If you're looking to get a fine cocktail in very swanky surroundings in London, and if money is no object, then you absolutely need to visit the American Bar, located in the legendary Savoy Hotel. Open since 1893 and still possessing an Art Deco-inspired design from a 1920s-era renovation, the bar earned its name not due to any affinity for America but as a nod to the newfangled style of mixed drinks they were serving: "American"-style drinks, which we would now know simply as cocktails.

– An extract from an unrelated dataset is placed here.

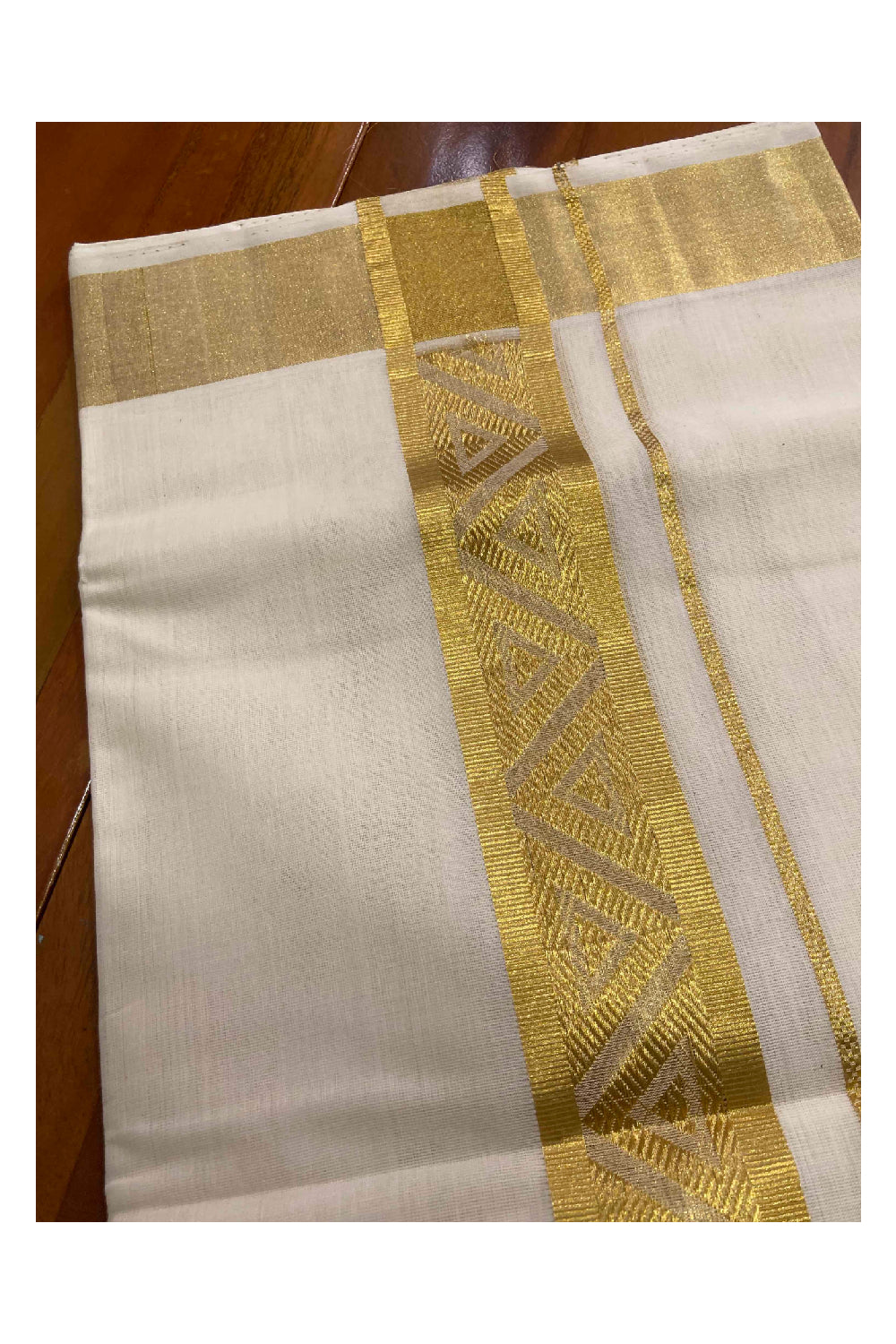 Southloom Handloom Premium Kasavu Dhoti with Woven Design Border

Browse the expansive cocktail menu at the American Bar today and you'll find that most of their drinks average anywhere from £18 ($23.63) to £25 ($32.82) — wildly expensive by anyone's standards, but still worth it due to the high quality of ingredients, the skill involved in making them, and the fact that you're drinking them at the recently-crowned best bar on earth (we also named it the world's best bar last year). But if you continue leafing through the menu, you'll get to a section titled "Vintage Cocktails," and that's where things get really pricey.

The American Bar has a vast collection of vintage spirits, some dating back to its earliest days, and they'll be more than happy to use those in your cocktail if you're willing to shell out for it. A Negroni made with vintage gin, vintage sweet vermouth, and vintage Campari sells for £150 ($196.92), and a couple of the vintage offerings are ominously "market price." But the final item on the menu is a Sazerac made with vintage Peychaud's bitters, Pernod absinthe dating from the 1950s, and a bottle of Sazerac de Forge et Fils cognac dating from 1858 (Sazeracs switched over to being made with rye in the late 1800s). The price? £5,000, or $6,564.

It's one of the world's most expensive cocktails, but when a nearly 160-year-old bottle of cognac is involved, the price is more understandable. For more ridiculously expensive foods and drinks, click here.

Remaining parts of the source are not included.